YOLO26_URL=http://ai-yolo26:8095
NEMOTRON_URL=http://ai-llm:8091
FLORENCE_URL=http://ai-florence:8092
CLIP_URL=http://ai-clip:8093
ENRICHMENT_URL=http://ai-enrichment:8094

Verify from inside the backend container

docker compose -f docker-compose.prod.yml exec -T backend curl -fsS http://ai-yolo26:8095/health
docker compose -f docker-compose.prod.yml exec -T backend curl -fsS http://ai-llm:8091/health
docker compose -f docker-compose.prod.yml exec -T backend curl -fsS http://ai-florence:8092/health
docker compose -f docker-compose.prod.yml exec -T backend curl -fsS http://ai-clip:8093/health
docker compose -f docker-compose.prod.yml exec -T backend curl -fsS http://ai-enrichment:8094/health

Mode 2: All-host development (no containers for backend/AI)

Start AI (host)

./scripts/start-ai.sh start

Start backend (host)

uvicorn backend.main:app --host 0.0.0.0 --port 8000 --reload

.env

YOLO26_URL=http://localhost:8095
NEMOTRON_URL=http://localhost:8091
FLORENCE_URL=http://localhost:8092
CLIP_URL=http://localhost:8093
ENRICHMENT_URL=http://localhost:8094

Mode 3: Backend container + host AI

This is the most common “works on my machine” failure mode. The backend is in a container; localhost:8095 points to the container itself, not your host.

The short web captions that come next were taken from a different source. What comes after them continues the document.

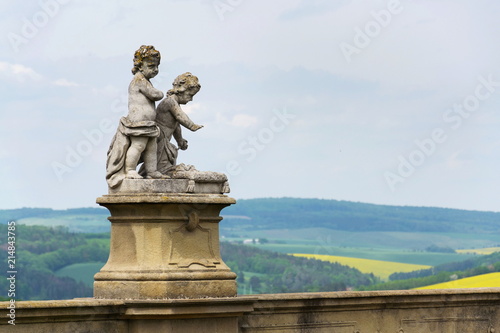 Statues at unique baroque cemetery Strilky, Kromeriz district, Zlin region, Moravia, Czech Republic, Central Europe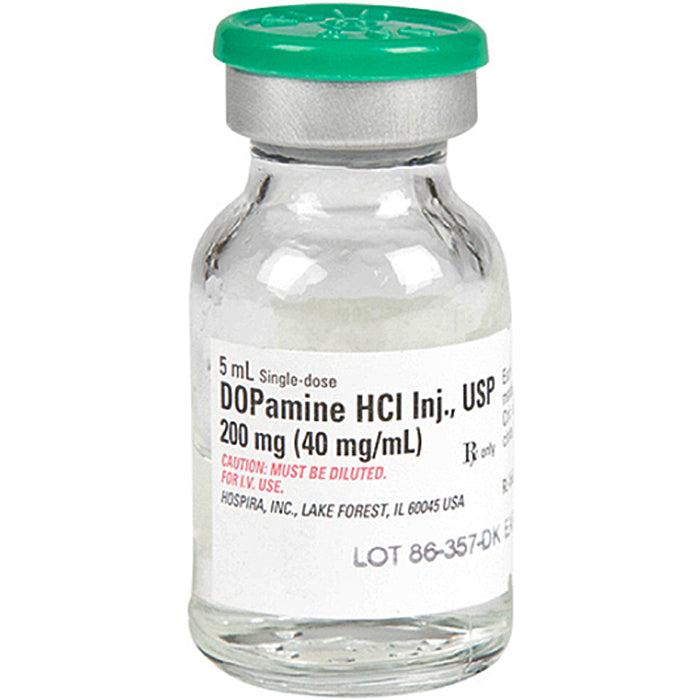 Dopamine HCl Injection 40mg/mL SDV 5mL Each Pfizer Injectables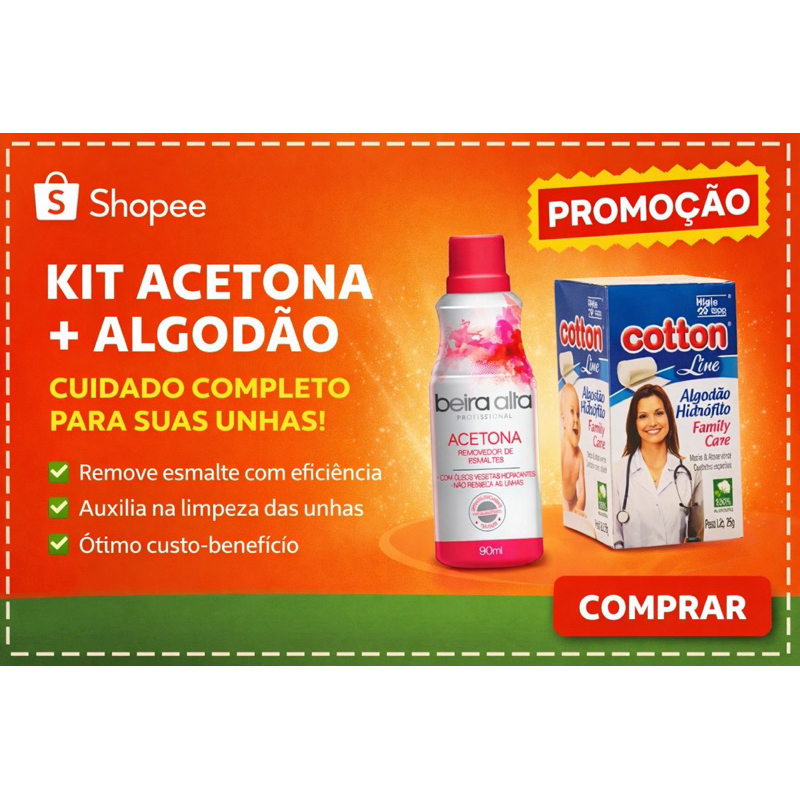 KIT REMOVEDOR DE ESMALTE 90ML + ALGODÃO 25G
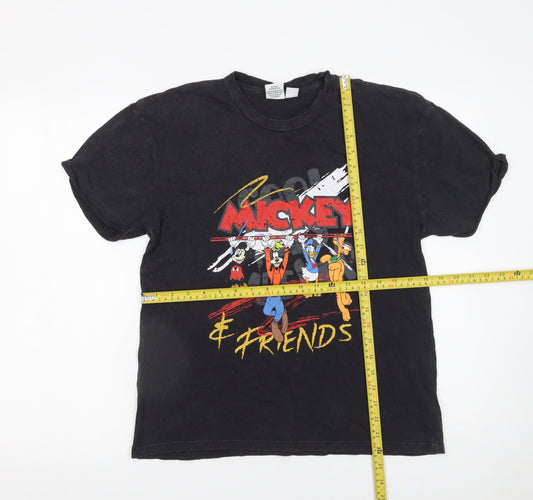 Disney Women’s Black Mickey & Friends Graphic Cotton T-Shirt XS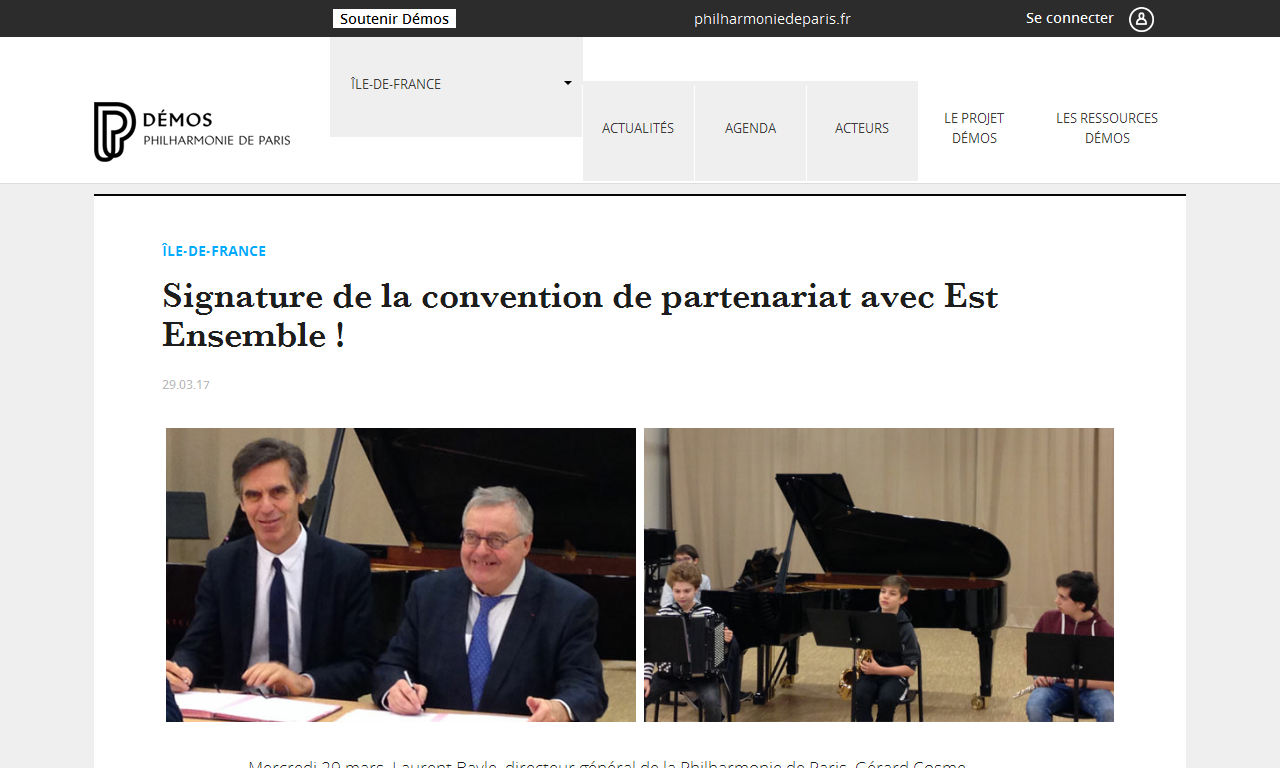 Signature de la convention de partenariat avec Est Ensemble ! | AdminPROD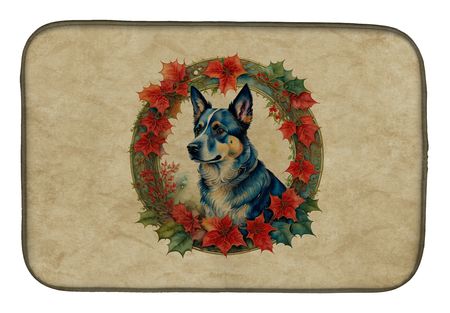 Australian Cattle Dog Christmas Dish Drying Mat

Docker Desktop (macOS/Windows)

YOLO26_URL=http://host.docker.internal:8095
NEMOTRON_URL=http://host.docker.internal:8091
FLORENCE_URL=http://host.docker.internal:8092
CLIP_URL=http://host.docker.internal:8093
ENRICHMENT_URL=http://host.docker.internal:8094

Podman on macOS

YOLO26_URL=http://host.containers.internal:8095
NEMOTRON_URL=http://host.containers.internal:8091
FLORENCE_URL=http://host.containers.internal:8092
CLIP_URL=http://host.containers.internal:8093
ENRICHMENT_URL=http://host.containers.internal:8094

Linux (Docker/Podman)

Use your host IP:

export AI_HOST=$(ip route get 1 | awk '{print $7}')
YOLO26_URL=http://${AI_HOST}:8095
NEMOTRON_URL=http://${AI_HOST}:8091
FLORENCE_URL=http://${AI_HOST}:8092
CLIP_URL=http://${AI_HOST}:8093
ENRICHMENT_URL=http://${AI_HOST}:8094

Mode 4: Remote AI host (separate GPU machine)

export GPU_HOST=10.0.0.50
YOLO26_URL=http://${GPU_HOST}:8095
NEMOTRON_URL=http://${GPU_HOST}:8091
FLORENCE_URL=http://${GPU_HOST}:8092
CLIP_URL=http://${GPU_HOST}:8093
ENRICHMENT_URL=http://${GPU_HOST}:8094

Tips:

  • Prefer a private LAN/VPN link; don’t expose these ports to the public internet.
  • If you add TLS/reverse proxying for AI, keep the backend URLs aligned (see docs/operator/ai-tls.md).

Common Pitfalls

  • Using localhost from inside a container: it points to that container, not the host.
  • Mixing prod + dev assumptions: prod uses compose DNS (ai-yolo26), dev host AI uses localhost.
  • Optional services down: the system can still run (events still created) but “extra context” may be missing. See docs/reference/troubleshooting/ai-issues.md.